Let $X$ be a Banach space, $\mathcal B(X;Y)$ denotes the set of bounded linear operators $X\to Y$. Consider the inverting map $I:U\subset\mathcal B(Y;X)\to \mathcal B(X;Y)$ defined by $I(T) = T^{-1}$, where $U$ is the set where this makes sense. It is known, e.g. here, that $I$ is (Frechet) differentiable and $$ I'(T)[A] = -T^{-1}AT^{-1}, $$ here $I'(T)$ is viewed as an element of $\mathcal B(\mathcal B(Y;X);\mathcal B(X;Y))$.
How do we prove that the $k^{\text{th}}$-derivative of $I$ is the $k$-multilinear map $$ (A_1,\dots,A_k) \mapsto (-1)^{k} \sum_{\sigma\in S_k} T^{-1}A_{\sigma(1)}T^{-1}\dots T^{-1}A_{\sigma(k)} T^{-1}, $$ where the sum is over all permutations $\sigma$ of $\{1,\dots,k\}$?

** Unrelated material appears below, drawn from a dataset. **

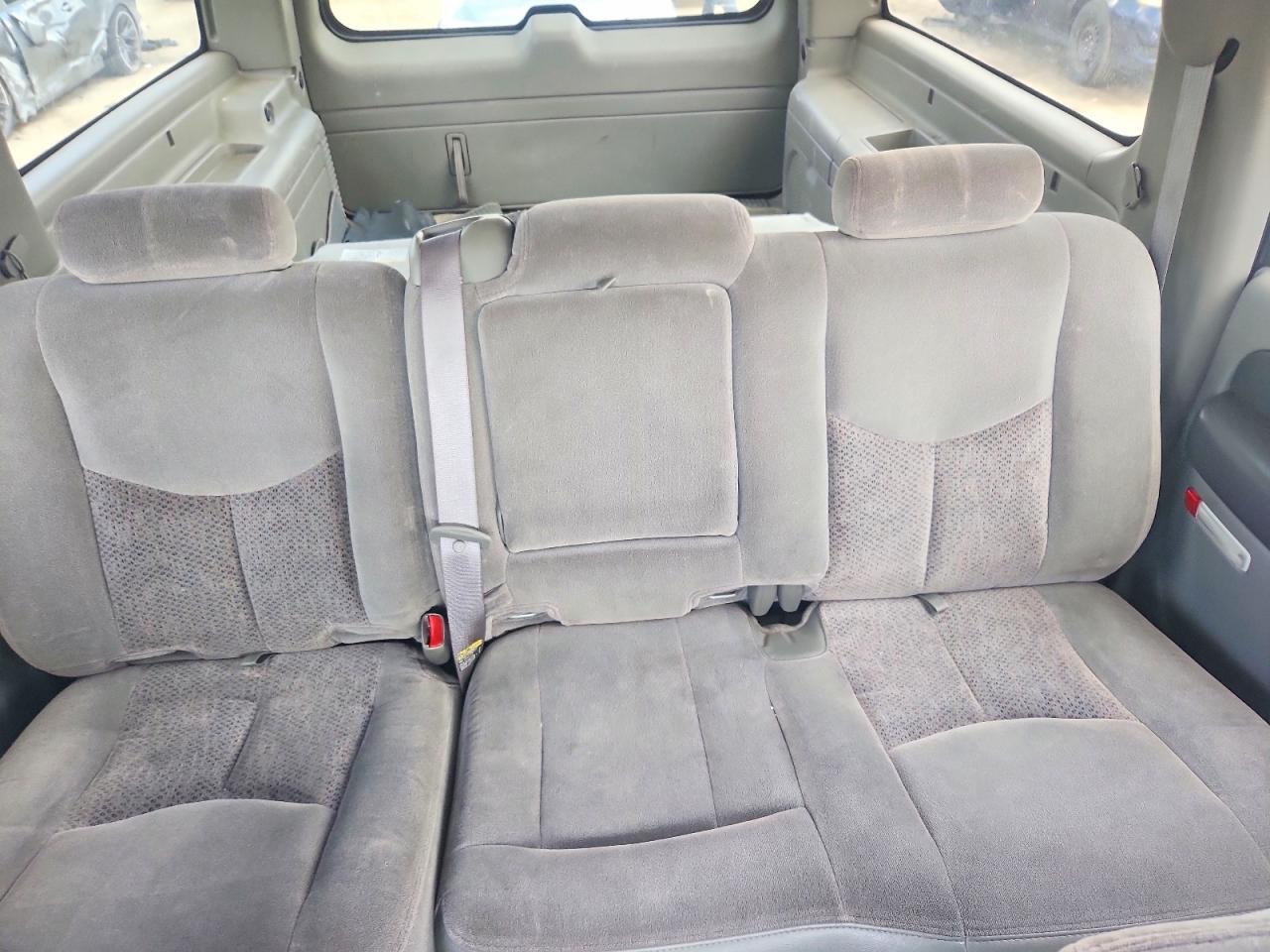 2003 CHEVROLET Suburban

This formula is given in a book by Hormander without a proof (as usual). It looks like a symmetrization of the higher order terms in the Taylor expansion of $I$ (some details are seen in this thread).
To obtain higher order derivatives, I tried to differentiate $I'$ by writing $I' = -M\circ I$, where $M(T)[A] = TAT$, and repeatedly apply chain rule. However, the higher derivatives of $M$ gets ugly really fast (or that I don't know a clean way to write it down). Is there a nice way to prove this result?
For small enough $t$ we have the power series expansion
$$ f(T + tS) = (T + tS)^{-1} = (T(1 - (-tT^{-1}S)))^{-1} = T^{-1} \sum_{k=0}^{\infty} (-1)^k (T^{-1}S)^k t^k. $$
Using it we see that,
$$ (D^k f)|_{T}(S, \dots, S) = \left( \frac{d}{dt} \right)^k f(T + tS)|_{t=0} = k! (-1)^k (T^{-1} S)^k. $$
Now we know that $D^k f|_{T}(S_1,\dots,S_k)$ is symmetric and uniquely determined from $D^k f|_{T}(S,\dots,S)$ by the polarization identity so we can just guess that $$ D^k f|_{T}(S_1,\dots,S_k) = (-1)^k \sum_{\sigma \in S_k} T^{-1} S_{\sigma(1)} \cdots T^{-1} S_{\sigma(k)} $$
and since this is symmetric in $S_1,\dots,S_k$ and coincides with our expression when $S_1 = \dots = S_k = S$, our guess must hold.